As empresas de plantações de árvores, no entanto, estão tentando fazer as pessoas acreditarem que são as salvadoras da crise climática. A Declaração do 15º Congresso Florestal Mundial, que ocorreu em maio de 2022 e reuniu a maior parte das indústrias de plantação de árvores e celulose, afirmou que elas “oferecem importantes soluções baseadas na natureza para mudanças climáticas, perda de biodiversidade, degradação do solo, fome e pobreza”. (3) Essas falsas “soluções”, no entanto, têm como fundamento a expansão do mesmo modelo opressor e destrutivo, e estão principalmente focadas em como manter os lucros das empresas.
 
Outro artigo deste boletim expõe a forma como as empresas de plantações de árvores APP e APRIL, na Indonésia, baseiam-se em um modelo de violência, poluição e desapropriação, e continuam operando por meio dele, apesar de seus compromissos supostamente “verdes” e suas metas climáticas. Da mesma forma, outro artigo do Brasil expõe os graves impactos e conflitos que a multinacional de papel e celulose Suzano representa para as comunidades e seus territórios.
 
As corporações e seus aliados financeiros também estão usando o cercamento de mais florestas na forma de Áreas Protegidas para afirmar ter compensado a poluição que geram em outros lugares. Elas têm apoio de muitas ONGs conservacionistas internacionais e da ONU, e essas Áreas Protegidas também costumam ser chamadas de “soluções baseadas na natureza”.
 
Da Índia, outro artigo alerta sobre como a expansão de Áreas Protegidas em nome da “conservação” é, na verdade, uma violação contundente dos direitos dos Povos Indígenas e das comunidades florestais. Ao mesmo tempo, o artigo expõe as estreitas ligações entre a expansão dessas Unidades de Conservação e da mineração e o desmatamento em grande escala.
 
Grandes concessões – para combustíveis fósseis, para uma indústria dependente dos combustíveis fósseis, para empresas de plantações, para megabarragens ou para projetos que alegam estar compensando a poluição dos combustíveis fósseis – destroem comunidades, florestas, mananciais e todas as interconexões de vida, conhecimento e histórias de lugares específicos. A violência nos territórios é especialmente intensa para mulheres e meninas, que são abusadas, estupradas e perseguidas dentro dos territórios invadidos.
 
Conectar as raízes da crise climática às injustiças e opressões históricas não é apenas um ato de reconhecimento, mas também uma forma de visibilizar que elas ainda estão presentes hoje e, em alguns casos, foram até aprofundadas.
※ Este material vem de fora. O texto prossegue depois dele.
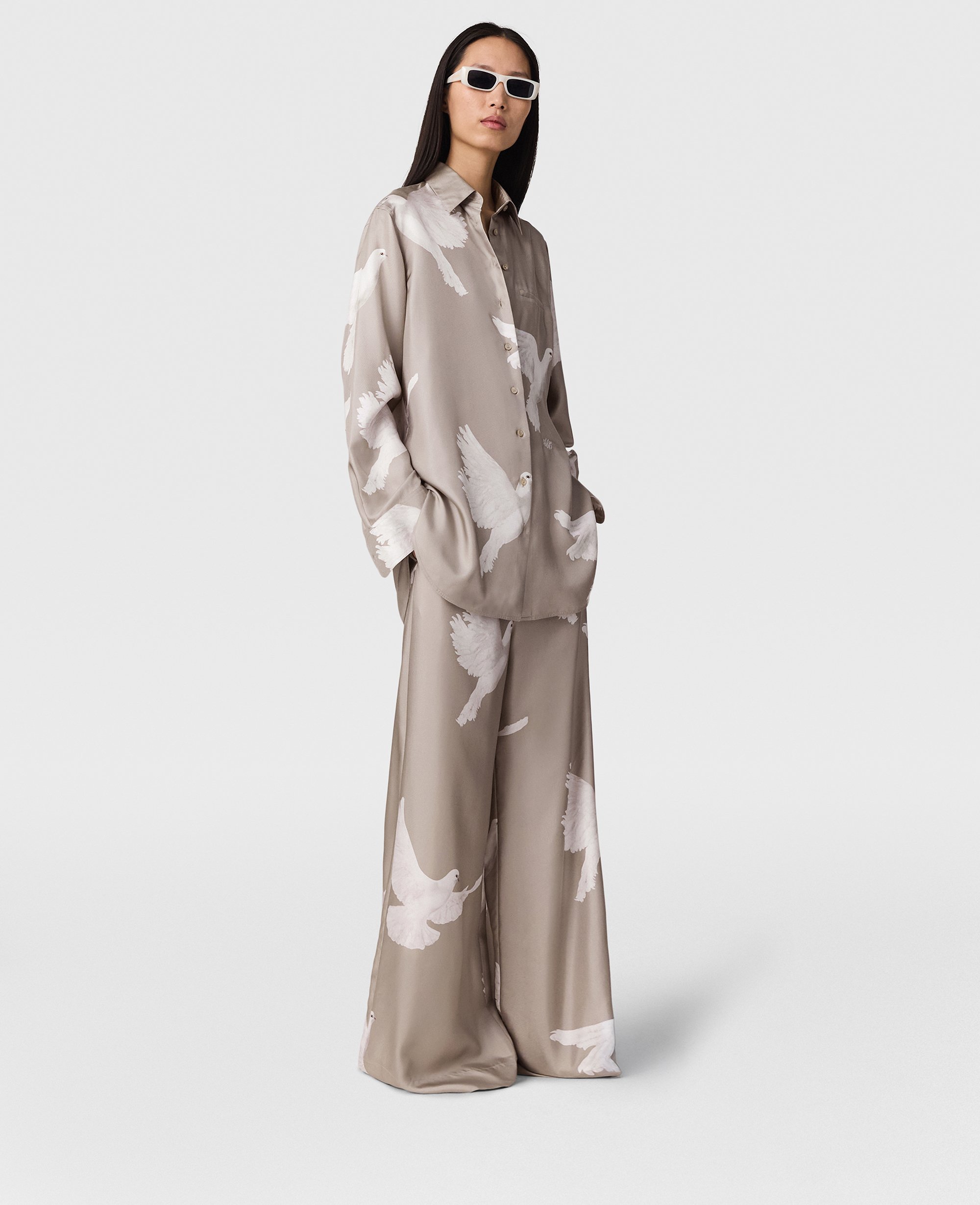 Pantalon oversize a cordon de serrage avec imprime colombe, , /, Taille: 38 - Stella McCartney - Modalova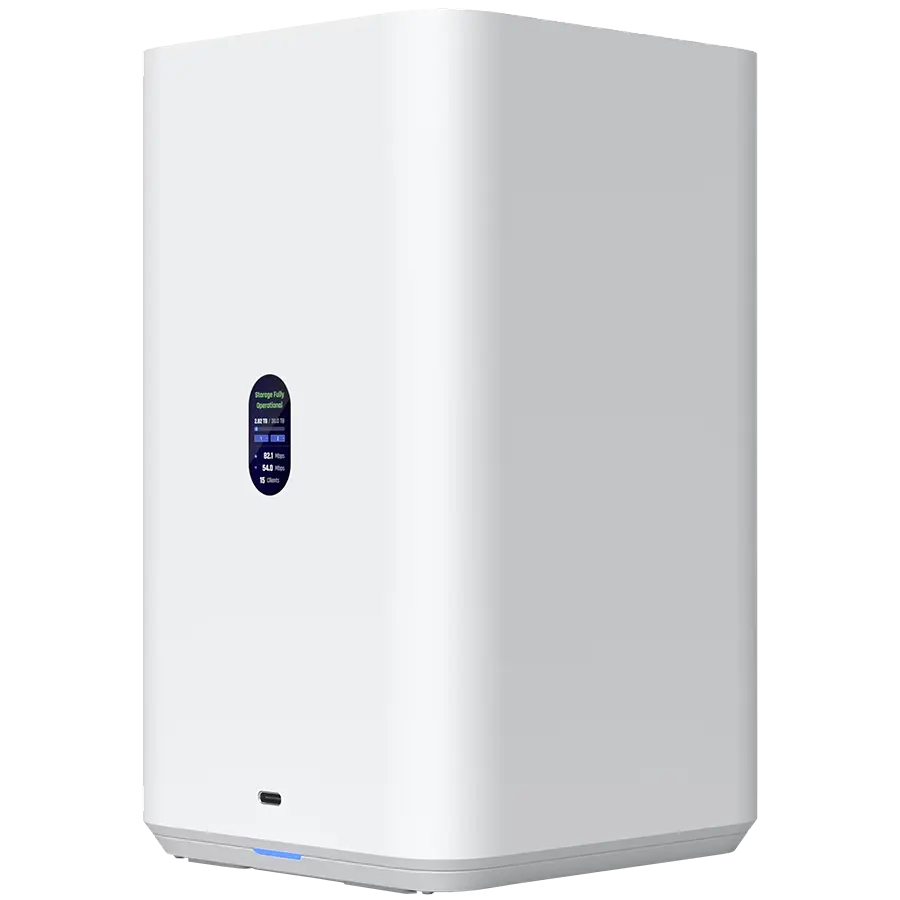 Ubiquiti UniFi  UNAS-2-W-EU Network Attached Storage with (2) 3.5inch HDD bays, 2.5 GbE networking, USB-C connectivity, and an included PoE++ adapter, all in a compact footprint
Enfrentar o caos climático é abordar as relações desiguais de poder nas quais se baseia o capitalismo, com sua dependência de combustíveis fósseis.
 
Em entrevista incluída neste boletim, Miriam Samudio, uma das fundadoras de uma cooperativa agroecológica de Misiones, na Argentina, que reclamou terras da multinacional Arauco, afirma:

“Eu entendo também que as mulheres, apesar de todos os inconvenientes que temos no dia a dia, também são capazes de sonhar, de acreditar que o que parecia tão impossível poderia ser possível se todos nos organizássemos e lutássemos juntos.”
 

(1) Global witness, IPCC clarion call puts spotlight on fossil fuel industry’s hypocrisy, 2022,
(2) Veja, por exemplo, WRM, 15 anos de REDD: Um esquema corrompido em sua essência, 2022Soluções baseadas na natureza: ocultando um grande roubo de terras, 2021,
(3) FAO, 15th World Forestry Congress, The Seoul Forest Declaration, Maio de 2022.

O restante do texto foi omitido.